3) In general, there were no race and gender subdifferences on the new predictors.

These results strongly suggest that when it comes to hiring attorneys with limited work experience, organizations would be well advised to use professionally developed assessments, such as biodata measures, situational judgment tests, and personality inventories, rather than rely exclusively on "quick and dirty" measures such as grades and LSAT scores. Yet another proof of the rule that the more time spent developing a measure, the better the results.

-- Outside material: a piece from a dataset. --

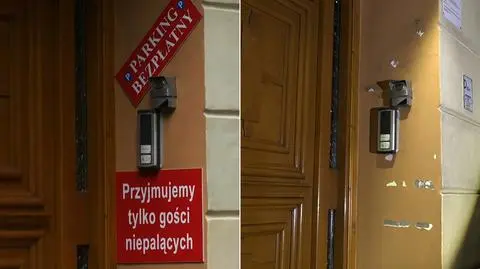 Z budynku zniknęły tabliczki informujące o działalności hotelu na godziny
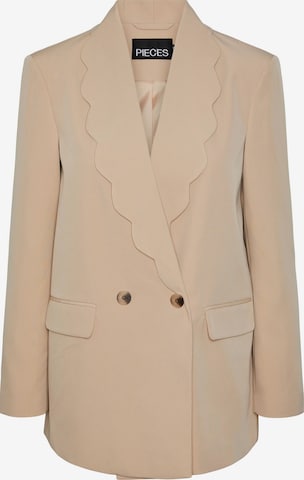 Blazer 'JULIA' PIECES en beige : devant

On a final note, several years back I did a small exploratory study looking at the correlation between law school quality and job performance. I found two small to moderate results: law school quality was positively correlated with job knowledge, but negatively correlated with "relationships with people."

References:
Here is the project homepage.
You can see an executive summary of the final report here.
A listing of the reports and biographies is here.
The final report is here.

4 comments:

Anonymous said...

It appears to me that this study actually shows what traits result in a good performance evaluation rather than in actual competence or job performance (which most partners or managers would have no idea how to evaluate- beyond hours billed). The confident/agreeable/yes-man/incompetent blow-hard receives a workplace "A" while the wallflower/cynic/competent drone receives a workplace "C" or worse.

The above view of the study is borne out by my own (admittedly anecdotal) experience. I spent many of my early years of practice attempting to straighten out the problems created by a number of "legal geniuses." The frustration by both client and management in my inability to quickly rectify the Gordian knot of problems, created by the geniuses' collective years of horrible drafting and inattention, never tarnished the geniuses’ reputations- only mine.

BryanB said...

You raise an excellent point about how job performance is (mis)measured. It is interesting to note that they used peer evaluations as well as supervisors, of course those may be subject to their own biases or inaccuracies.

Anonymous said...

In your small exploratory study, how did you measure job knowledge and "relationships with people"?

and,

Have you seen any technology that has improved on writing sample testing?

BryanB said...

re: my study: job knowledge and relationships with people were measured simply as part of the standard performance evaluation, so it was a 5-point scale. Not the best, hence the exploratory nature.

As far as technology improving on writing sample, my concern is not with the technology but with the concept: if you're really interested in how someone writes, have them write something on site rather than submit something that they may or may not have actually written themselves.